### GIVEN DATA
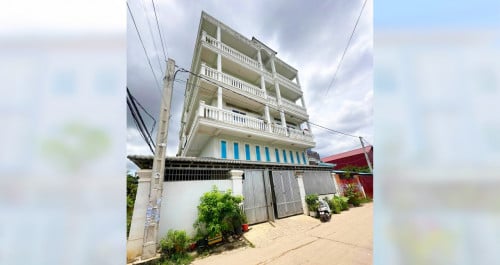 ផ្ទះកែងលក់បន្ទាន់ ក្បែផ្សារត្រពាំងថ្លឹង មានចំនូលប្រចាំខែ បើជួលទាំងអស់ជិត2,000$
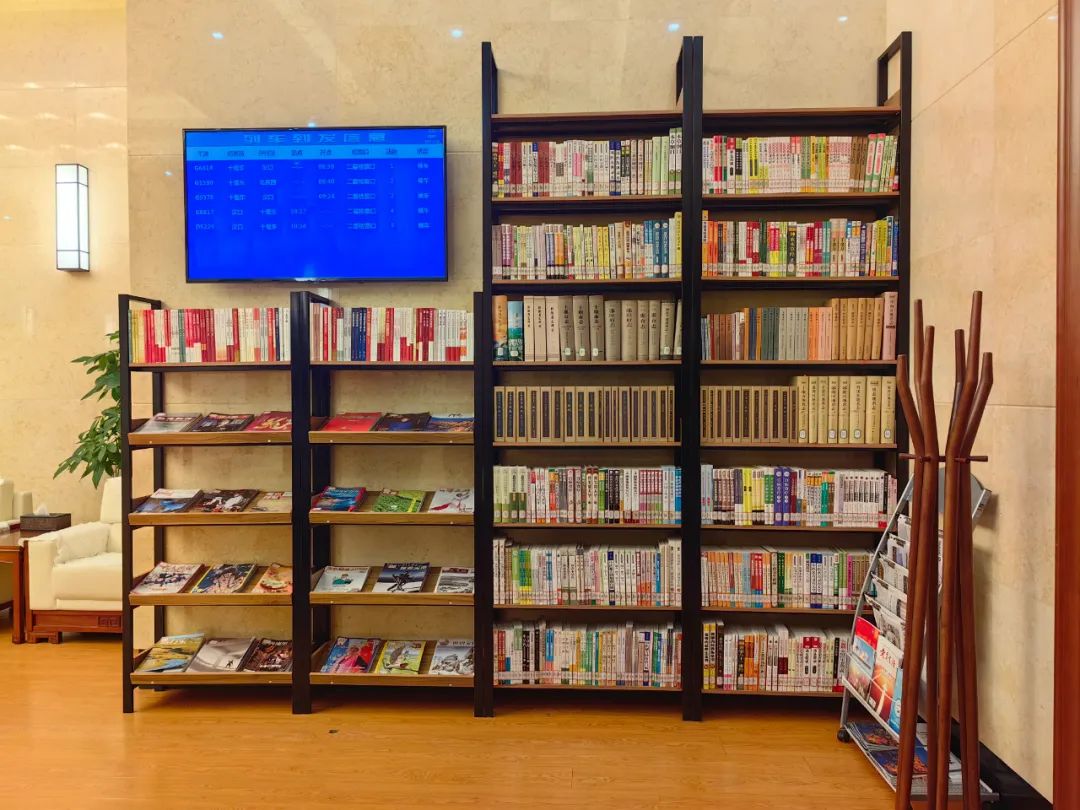 十堰市图书馆：建设书吧惠宾客 紧急任务显担当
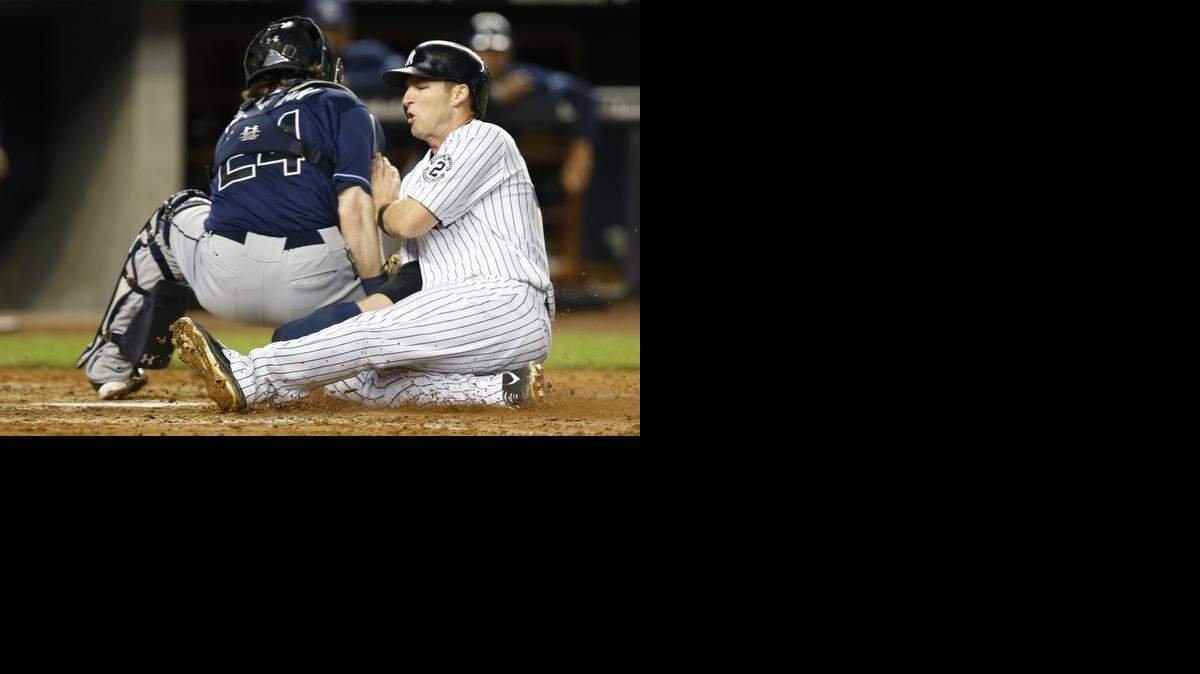
Stephen Drew, de los Yankees de Nueva York (der.), choca con Ryan Hanigan, receptor de los Tampa Bay Rays, en un partido en el Yankee Stadium el martes pasado.
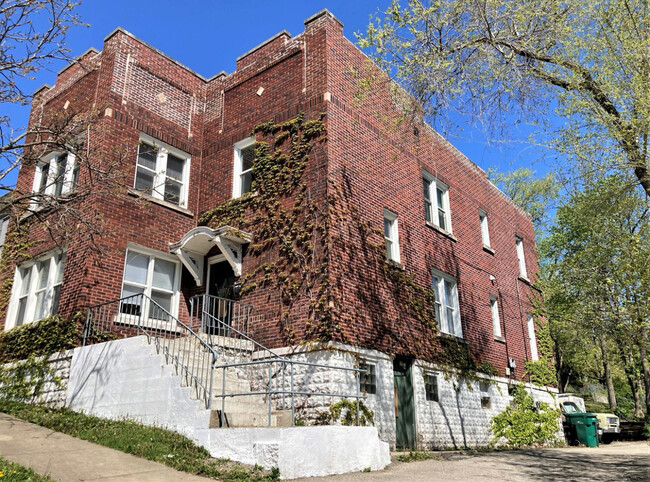 Building Photo - 419 Campbell St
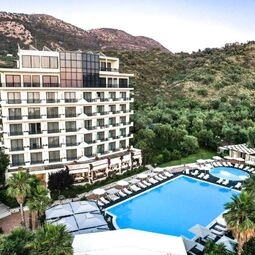 Rapo's Resort Hotel in Himarë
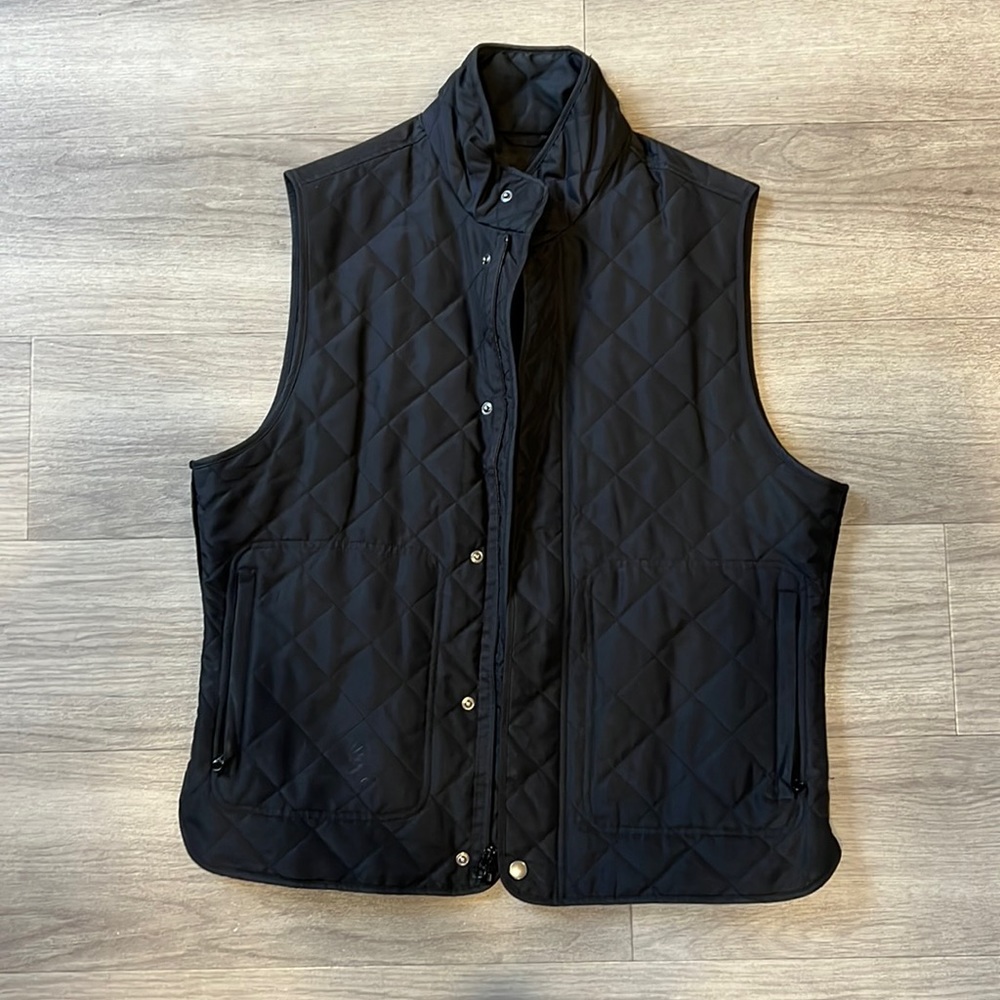 Banana Republic men’s black quilted vest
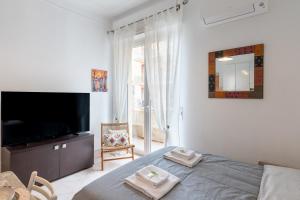 GuestHost - Bright Apartment in Sanremo Center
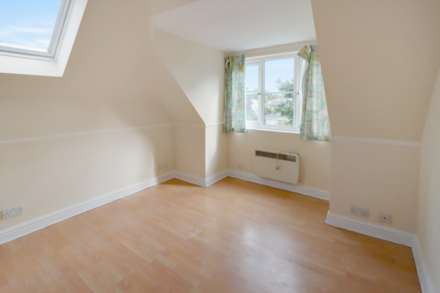 Shinfield Road, Reading, Image 6
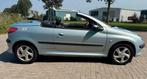 Peugeot 206 1.6 16V CC 2002 Blauw AUTOMAAT | ST VERW, Auto's, Peugeot, Zwart, 4 cilinders, Cabriolet, Bedrijf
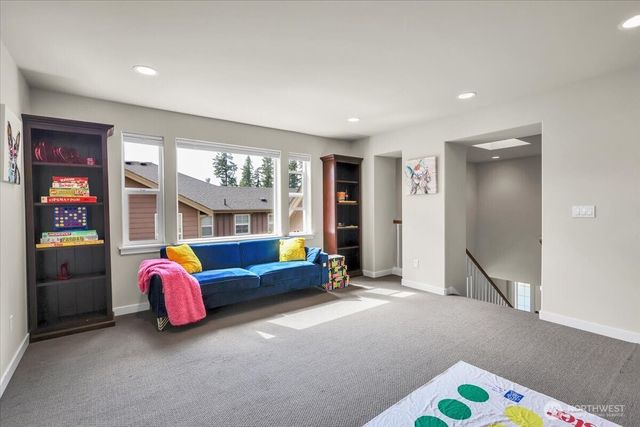 13721 SE 90th Place, Newcastle, WA 98059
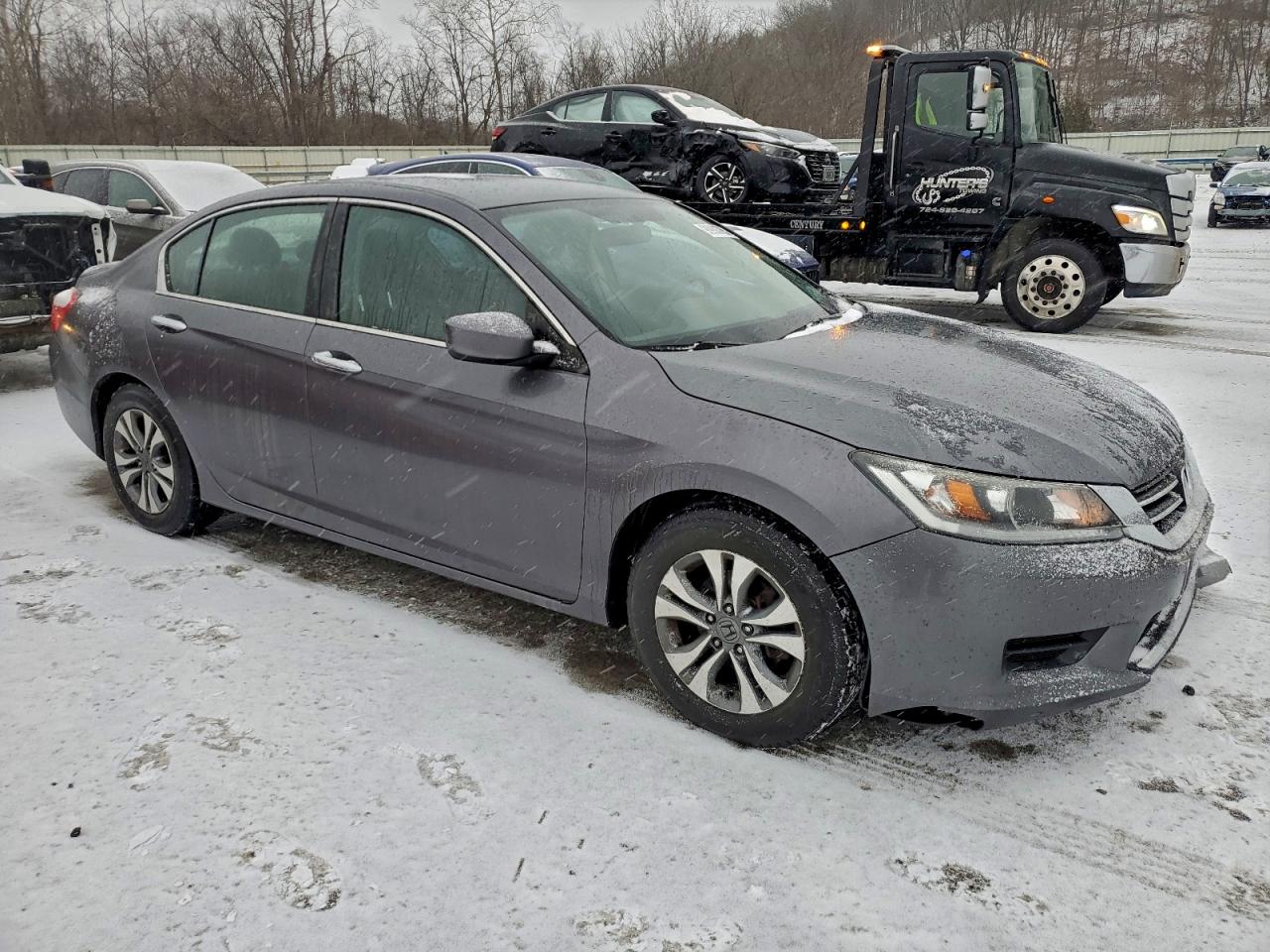 2015 HONDA ACCORD LX photo 4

### PROBLEM
Exactly as they stand, write the lines from the one holding "Stephen Drew, de" to the end of the material, both ends included. Do not copy the pictures.

### RESPONSE TO THIS EXERCISE
Stephen Drew, de los Yankees de Nueva York (der.), choca con Ryan Hanigan, receptor de los Tampa Bay Rays, en un partido en el Yankee Stadium el martes pasado.
 Building Photo - 419 Campbell St
 Rapo's Resort Hotel in Himarë
 Banana Republic men’s black quilted vest
 GuestHost - Bright Apartment in Sanremo Center
 Shinfield Road, Reading, Image 6
 Peugeot 206 1.6 16V CC 2002 Blauw AUTOMAAT | ST VERW, Auto's, Peugeot, Zwart, 4 cilinders, Cabriolet, Bedrijf
 13721 SE 90th Place, Newcastle, WA 98059
 2015 HONDA ACCORD LX photo 4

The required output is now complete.